MARY FOSTER CONKLIN, These Precious Days

Somewhere over the course of her four critically acclaimed albums since 1998, the inimitable NYC jazz vocal stylist and premiere musical storyteller Mary Foster Conklin earned words of praise that could double as a mission statement to this day. Cadence Magazine called her “someone who values freshness over music that appears regularly in everyone’s repertoire” and lauded her for “bringing to life seldom heard or forgotten songs with meaningful lyrics.”

That fresh, adventurous spirit animates and drives the great range of emotions the singer shares on her latest collection whose title beautifully captures the brevity and fragility of life: These Precious Days. In the wake of both her parents passings in recent years, she says the heartfelt, soulful, sometimes gently reflective yet often playful and whimsical 11 track set is “about love, loss and the power of the Now.”

That “now,” at least seven delightful songs of it, serve as a celebration of female songwriters and co-writers and in some ways are a thematic extension of her weekly internet radio show (on’s HD2 channel) “A Broad Spectrum – the Ladies of Jazz,” which celebrates women composers and lyricists.

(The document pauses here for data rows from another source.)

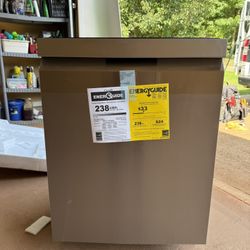 LG Dishwasher 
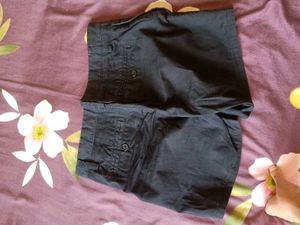 Black Shorts for women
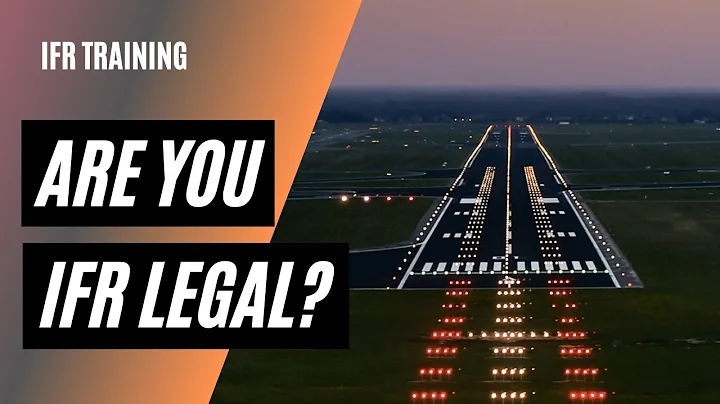 Requirements to Fly IFR | Instrument Proficiency Check | IFR Inspections | VOR Inspections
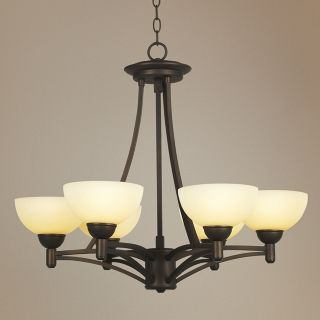Valmont Collection Six Light Chandelier   #67177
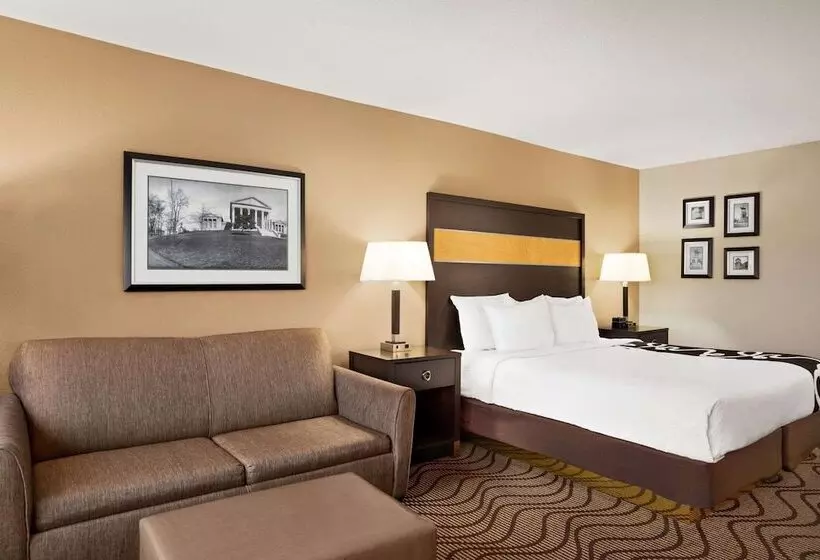 デラックスルーム, La Quinta Inn & Suites By Wyndham Richmondmidlothian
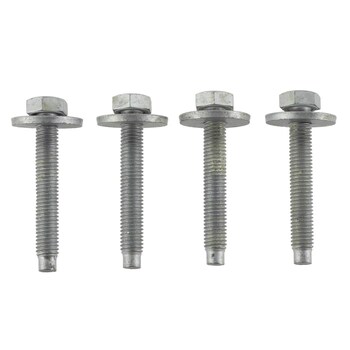 Hex Head Bolt And Washer - M8 X 50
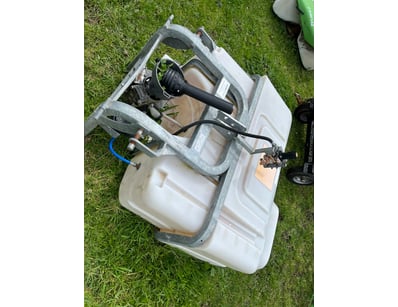 Dairy Farm Equipment Bankrupt Estate (ON11676) - Lot 115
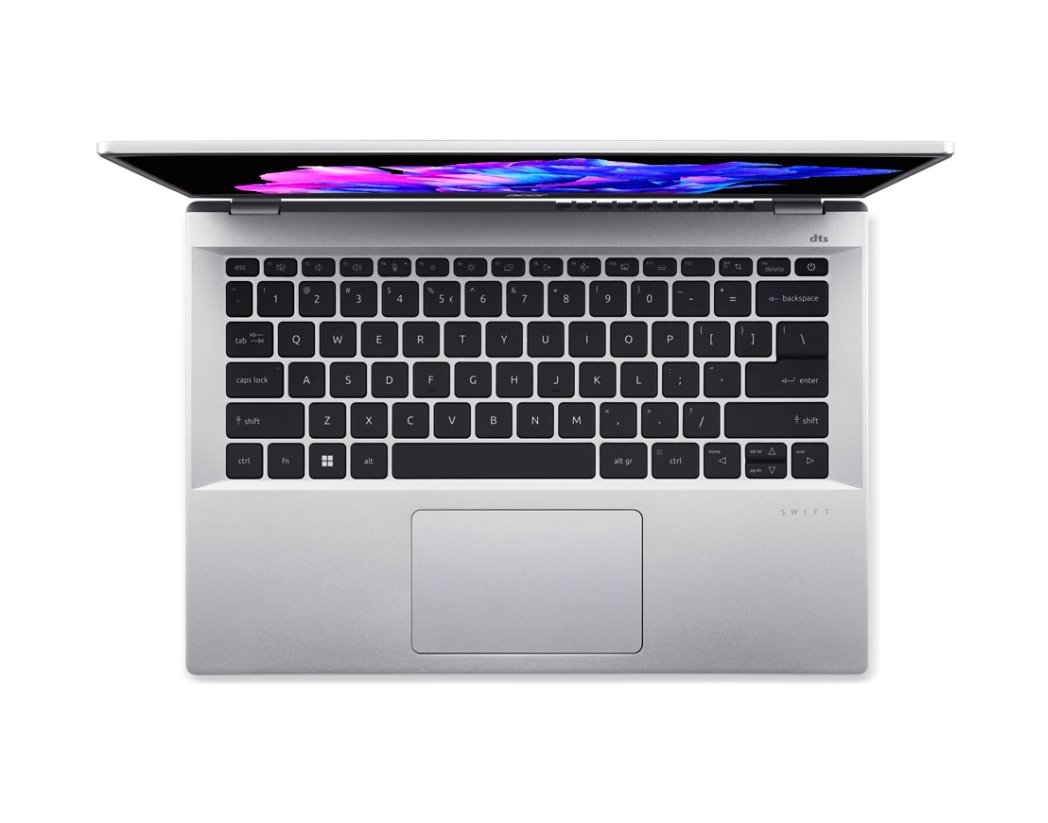 Acer Swift Go 14 Designed for Your Everyday Success | GigaHertz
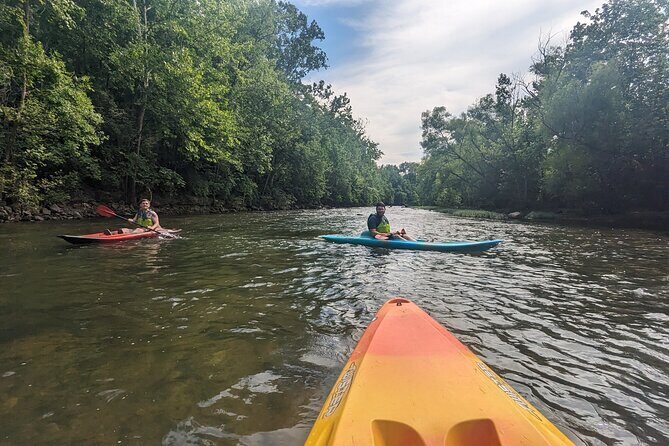 Kayaking on the Roanoke River - An In-Depth Look at the Roanoke River Kayaking Experience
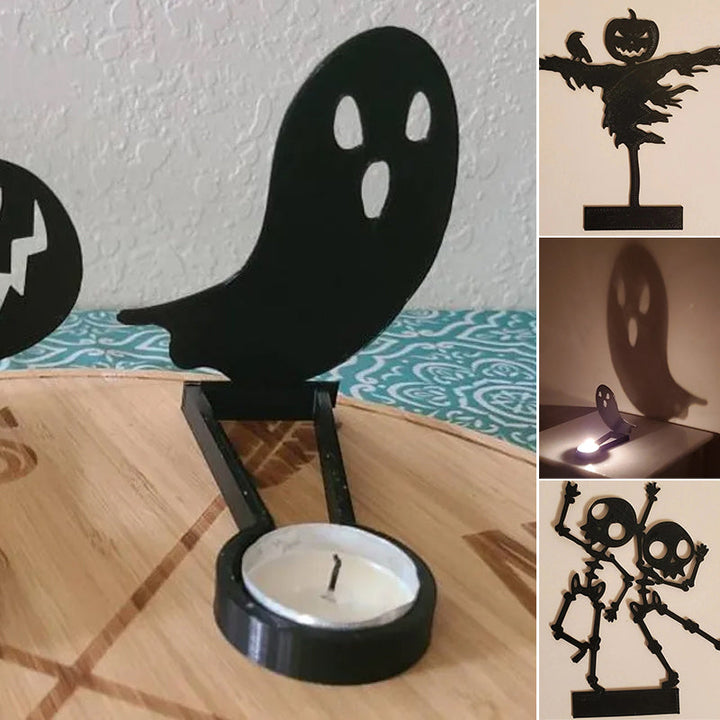 Skanto | Tealight Shadowcaster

When we see “Summertime” at the top of the tracking, we’re thinking “umpteenth Gershwin cover” but Mary’s got a semi-obscure, freedom seeking Leonard Cohen gem (co-written by Sharon Robinson and recorded first by Diana Ross) up her bustling, tropical sleeve.

She also brings her sly, supple vocal dexterity (buffeted by pianist John DiMartino’s alternately exquisite and hoppin’ arrangements) to gems co-written by Cynthia Weil (“Just a Little Lovin’”), Melissa Manchester/Carole Bayer Sager (“Come in From the Rain”), Dory Previn (“Just For Now”), Buffy Sainte-Marie (“Until It’s Time For You to Go”) and, perhaps most delightfully obscurely of all, Melba Liston and Abbey Lincoln’s “Rainbow,” which allows Mary to bring a measured sense of hope amidst the many mixed emotions she presents on the collection. She also introduces the graceful melancholy “Scars” with an insightful poem by Fran Landesman.

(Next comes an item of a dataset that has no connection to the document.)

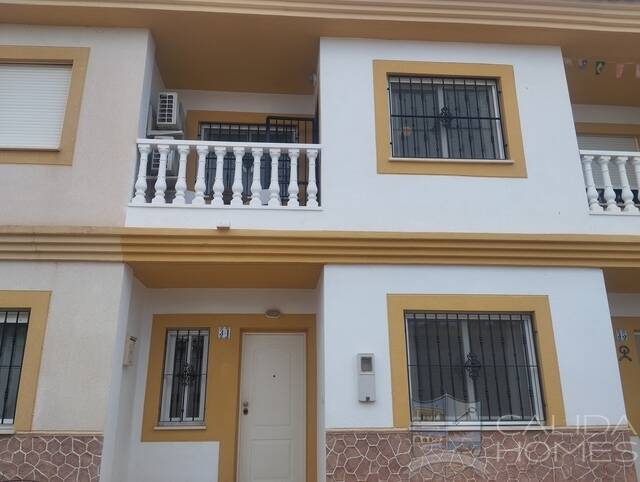 Town house in Zurgena, Almería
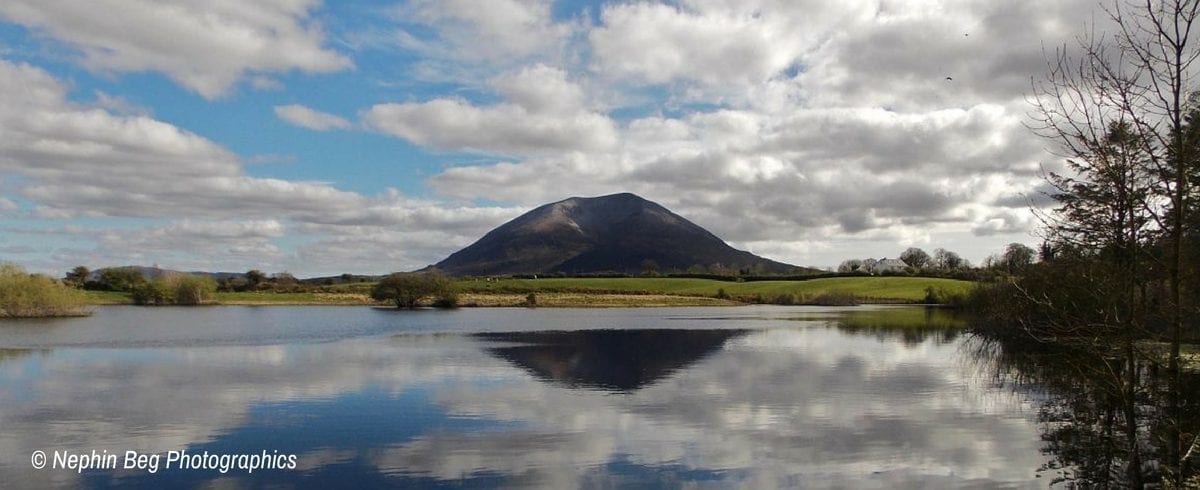 Nephin Up and Over Challenge adventure race Mayo Strandman Crossmolina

Beyond those, it feels like the heart and soul of the collection lie in the two Lieber and Stoller songs that first appeared on Peggy Lee’s 1975 cult classic Mirrors – the sly, hipster “Some Cats Know” (given intoxicating rhythm and harmonic sparkle by guitarist Guilherme Monteiro and violinist Sara Caswell, respectively) and a sensual rendering of “A Little White Ship.”